§ ACTIVITY
Beginning with the line containing "Бисер чешский Preciosa" and going on through the line containing "Fendi Bi-fold Wallet - Pink & Purple", the lines below are to be returned exactly, pictures excluded and nothing added.

§ RECORDS SHOWN
▽
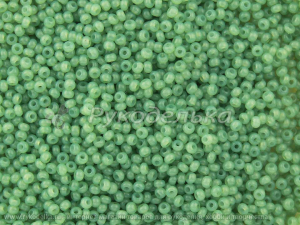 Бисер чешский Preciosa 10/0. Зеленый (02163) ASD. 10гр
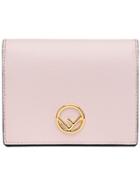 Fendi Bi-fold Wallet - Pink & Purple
△
▽
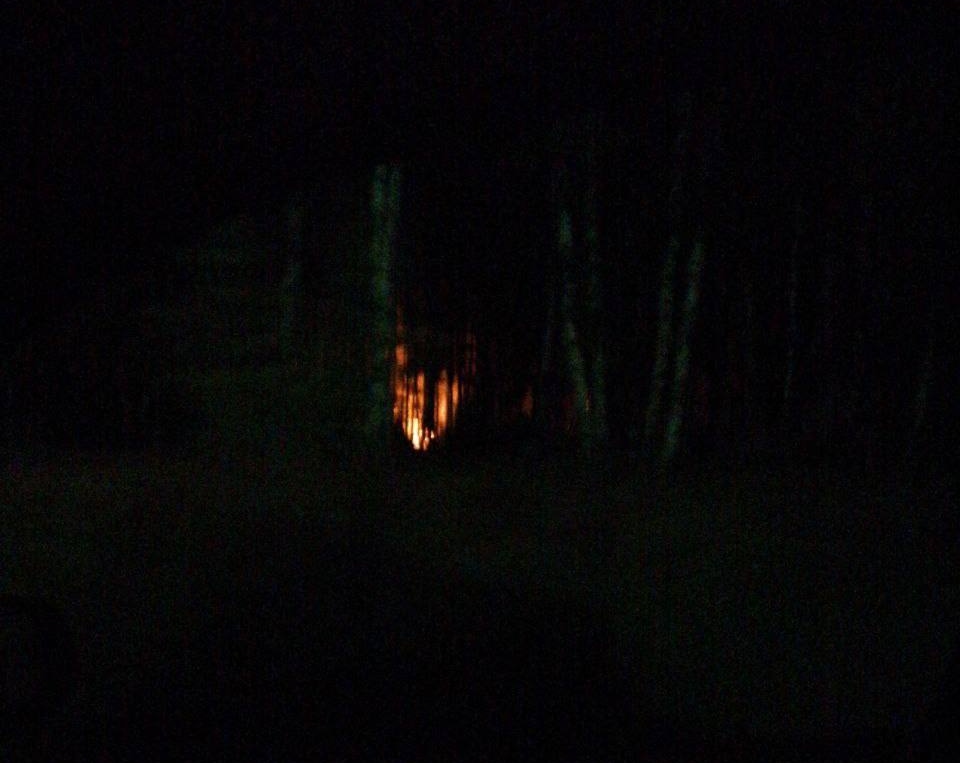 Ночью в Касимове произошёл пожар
△
▽
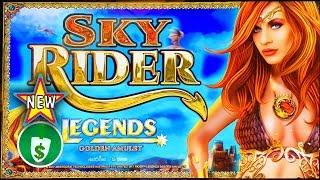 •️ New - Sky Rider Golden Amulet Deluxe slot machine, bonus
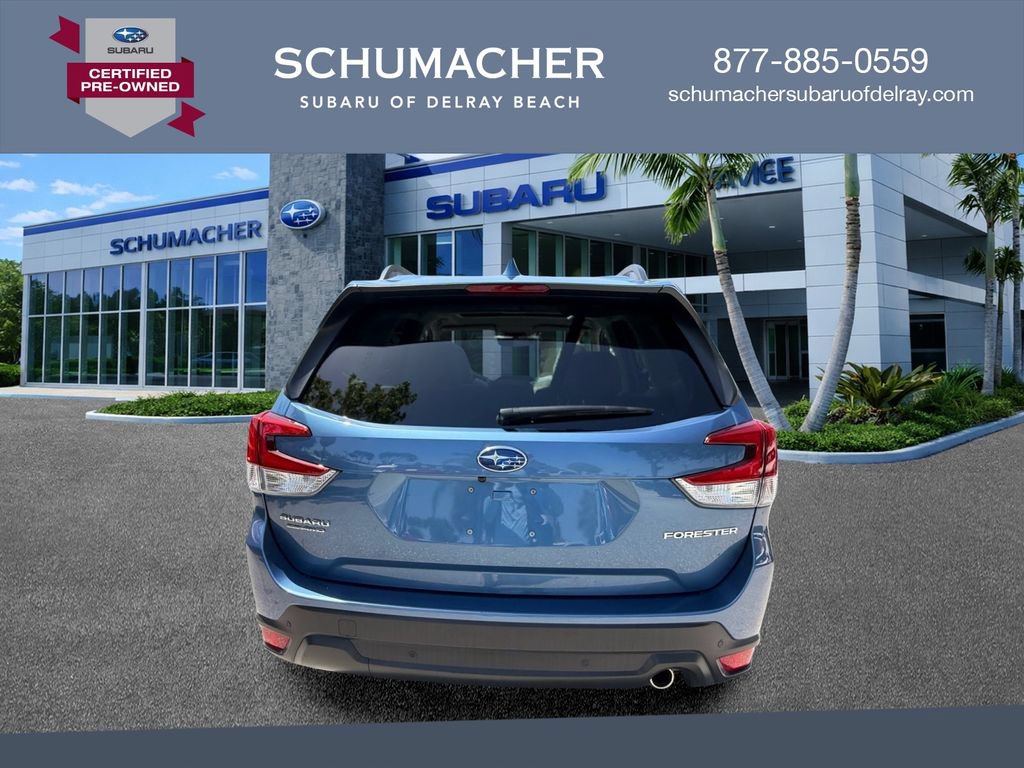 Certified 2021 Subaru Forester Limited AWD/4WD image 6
△
§ EXERCISE ANSWER
 Бисер чешский Preciosa 10/0. Зеленый (02163) ASD. 10гр
 Fendi Bi-fold Wallet - Pink & Purple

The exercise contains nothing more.